Task brief. Word for word, copy the listing below and leave out its images.

Collected material.
•••

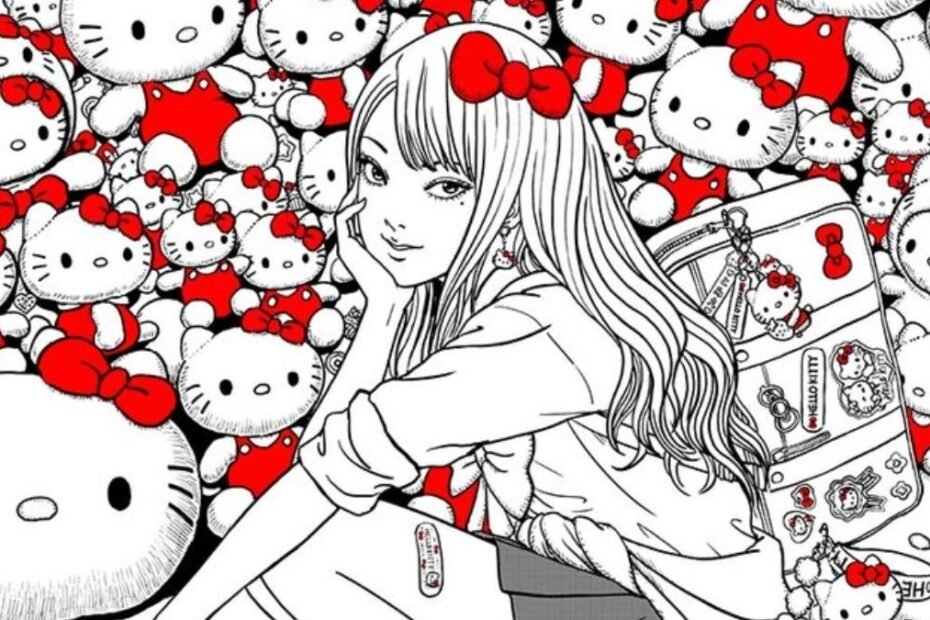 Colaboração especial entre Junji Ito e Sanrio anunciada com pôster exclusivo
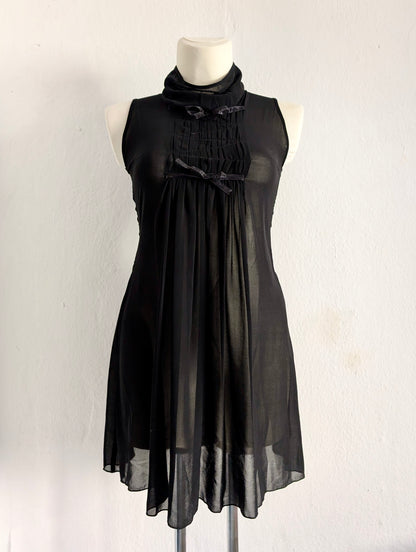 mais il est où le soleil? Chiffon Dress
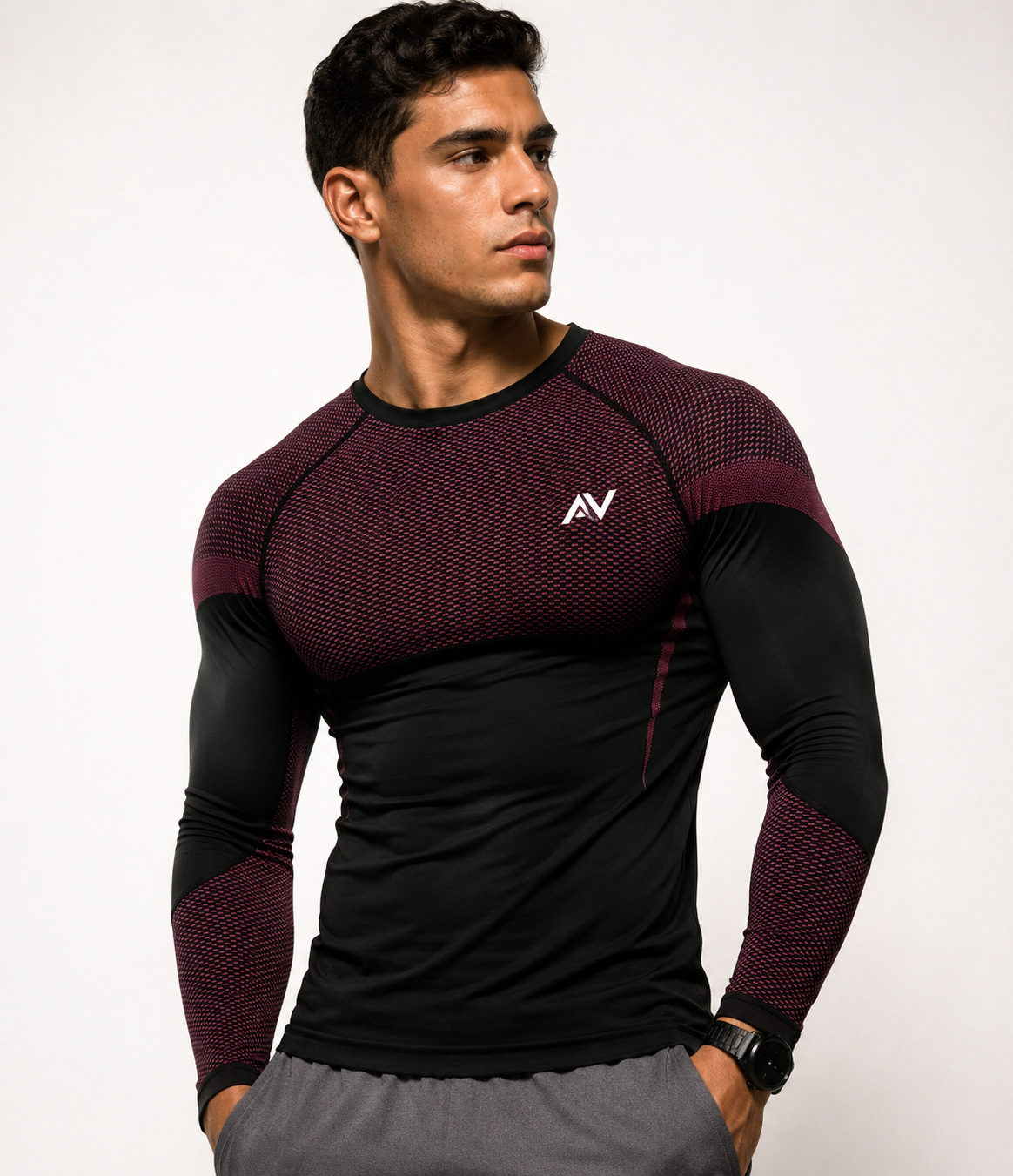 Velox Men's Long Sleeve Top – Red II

•••

Reply to the task.
 Colaboração especial entre Junji Ito e Sanrio anunciada com pôster exclusivo
 mais il est où le soleil? Chiffon Dress
 Velox Men's Long Sleeve Top – Red II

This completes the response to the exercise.